Adoption is gradual, then sudden. Standardized credit measurement existed for years before it became universal infrastructure. Sophisticated lenders used scores while less sophisticated ones did not. Regulators referenced ratings without mandating them. The secondary market priced rated and unrated debt differently. Then, within a span of a few years, the standard became unavoidable. The same pattern is visible in cybersecurity maturity assessments, in ESG ratings, in patent-quality scoring. The companies that adopted these standards in the gradual phase benefited disproportionately when the sudden phase arrived. The same will be true of AI governance scoring. The gradual phase is now.

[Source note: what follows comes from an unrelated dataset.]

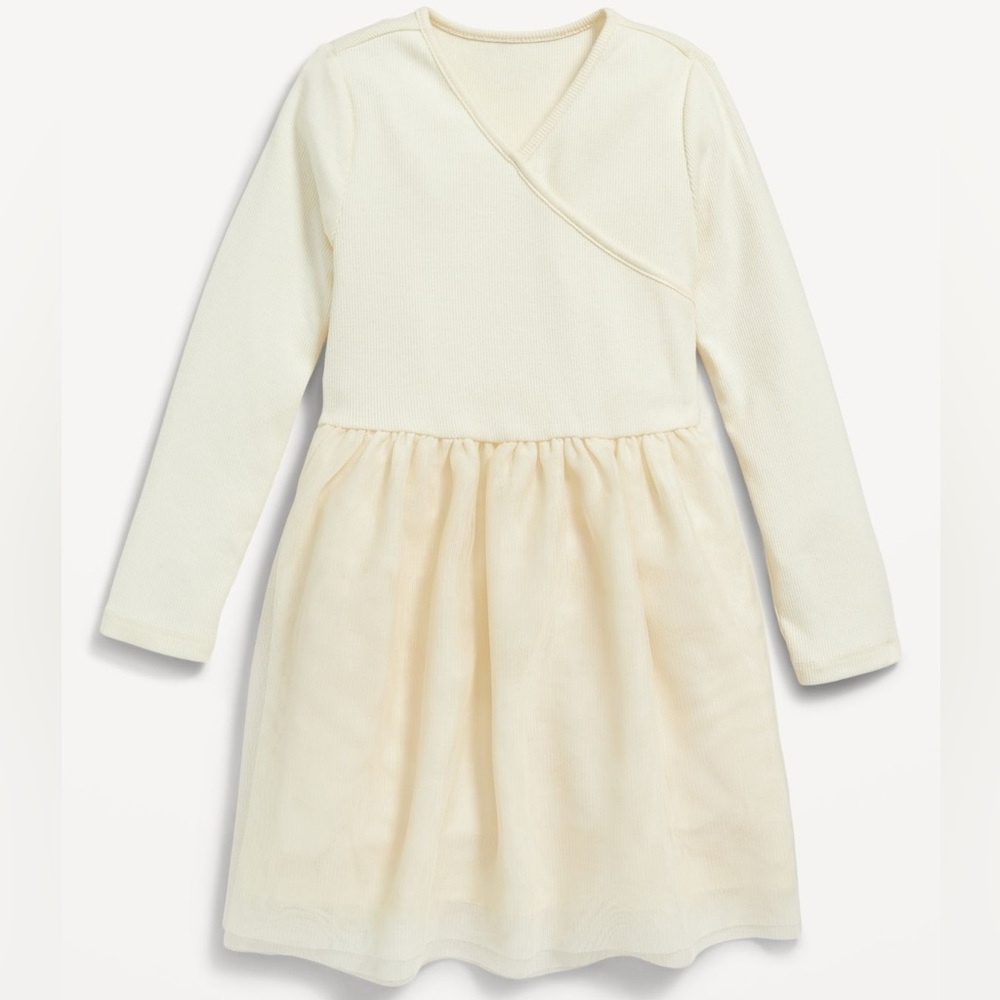 Old Navy Fit & Flare Wrap-Front Tutu Dress for Toddler Girls Size 5T
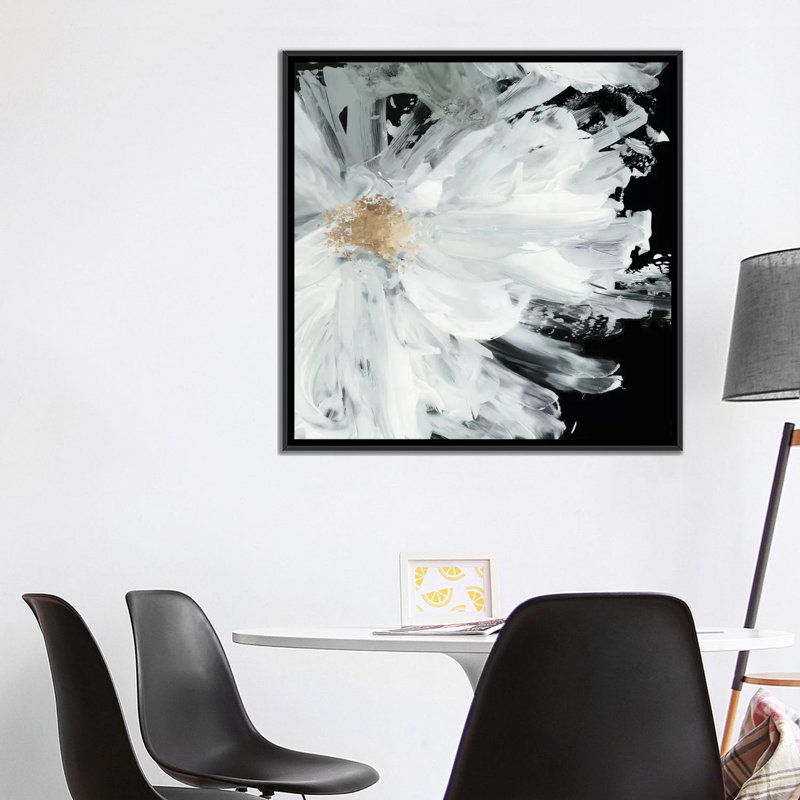 «Peony», reproduction sur toile, H 37 po x l 37 po x P 1,5 po, Toile tendue, Pas de tapis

From Imagination to Implementation
Return for a moment to the thought experiment. What makes a world without credit scores hard to imagine is not that the world without them is unrecognizable—it isn’t, particularly—but that credit scores have become invisible. They are infrastructure. The financial system is built on them so thoroughly that their absence would constitute a different financial system entirely.
The same will be true of AI governance measurement within the decade. A board that cannot articulate its company’s AI governance score, a vendor that cannot present one to its enterprise customers, an insurer that cannot price by one, an investor that cannot screen by one—each of those, in 2035, will look as out of place as a mortgage applicant without a credit score looks today.
The infrastructure is being built now. The standards exist: the EU AI Act, the NIST AI Risk Management Framework, ISO/IEC 42001, the OECD AI Principles. The data points exist. The constituencies that need the metric—boards, insurers, investors, regulators, customers—are already asking the questions. What has been missing, as FICO was in 1988, is a standardized, independent, third-party score that makes everything else possible.
The AIQ™ Score is built on the architecture of the rating systems that came before it: weighted dimensions, defined methodology, transparent scoring, third-party assessment, evidentiary base. Like those systems, it will not be perfect on day one. It will be revised. It will absorb evidence, regulatory change, observed failure modes. What it provides—the structural prerequisite for every market it enables—is the discipline of measurement against a common scale.
In 1988, the companies that recognized the standard was coming were not the ones that scrambled to comply with it once it arrived. They were the ones that organized themselves around it before they had to. They were, by some distance, the ones that benefited when the standard became infrastructure. AI governance is at the same inflection point. The question isn’t whether the measurement standard will arrive. It’s whether your organization will be ready when it does.